Sen. Bernie Sanders is considering joining the race for president in 2016, he confirmed in an interview published Thursday.
Sanders, of Vermont, has served in the Senate since 2007, and previously held a seat in the House of Representatives from 1991-2007. He does not formally belong to any political party but has called himself a democratic socialist. He appears as an Independent on ballots.
In an interview with The Nation,
Sanders said he is exploring a White House run.
"I am prepared to run for president of the United States," he said. "I don’t believe that I am the only person out there who can fight this fight, but I am certainly prepared to look seriously at that race."

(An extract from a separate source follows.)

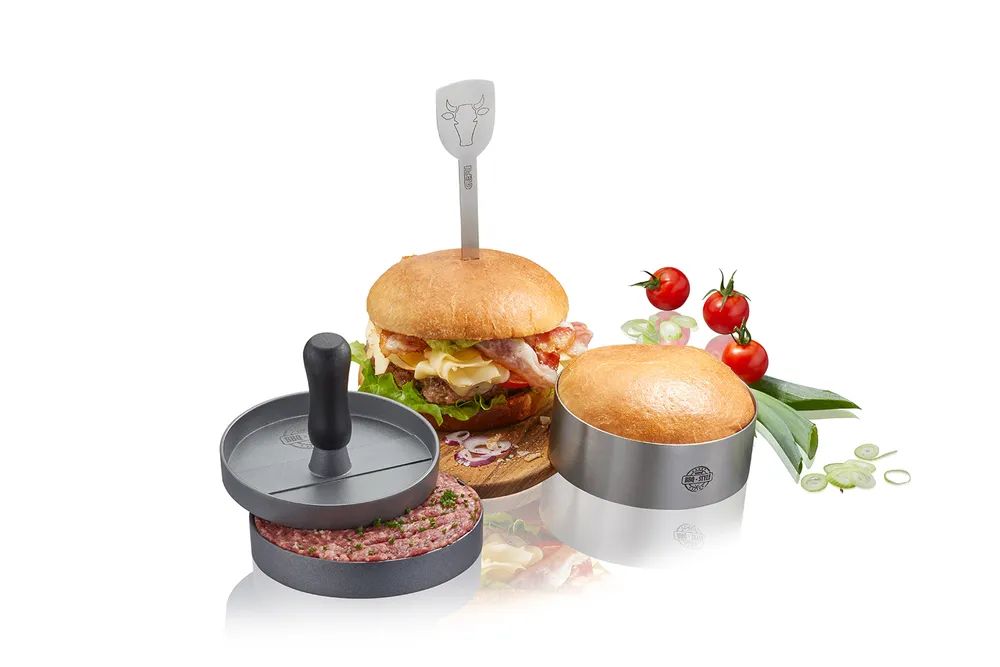 GEFU Burger-Set BBQ, 3-teilig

Running for president without the backing of one of the two major political parties would be difficult, and Sanders knows it. He would not commit to joining the Democrat party in order to run, saying only that all options are on the table.
Even getting media coverage and invitations to debates would be difficult as an Independent, Sanders said. Still, with the rift between both parties growing wider and wider, and with more and more Americans calling themselves Independents, going that route would not be the worst decision, he thinks.
"The number of people who identify as Democrats or Republicans is at a historically low point," Sanders said. "In that sense, running outside the two-party system can be a positive politically."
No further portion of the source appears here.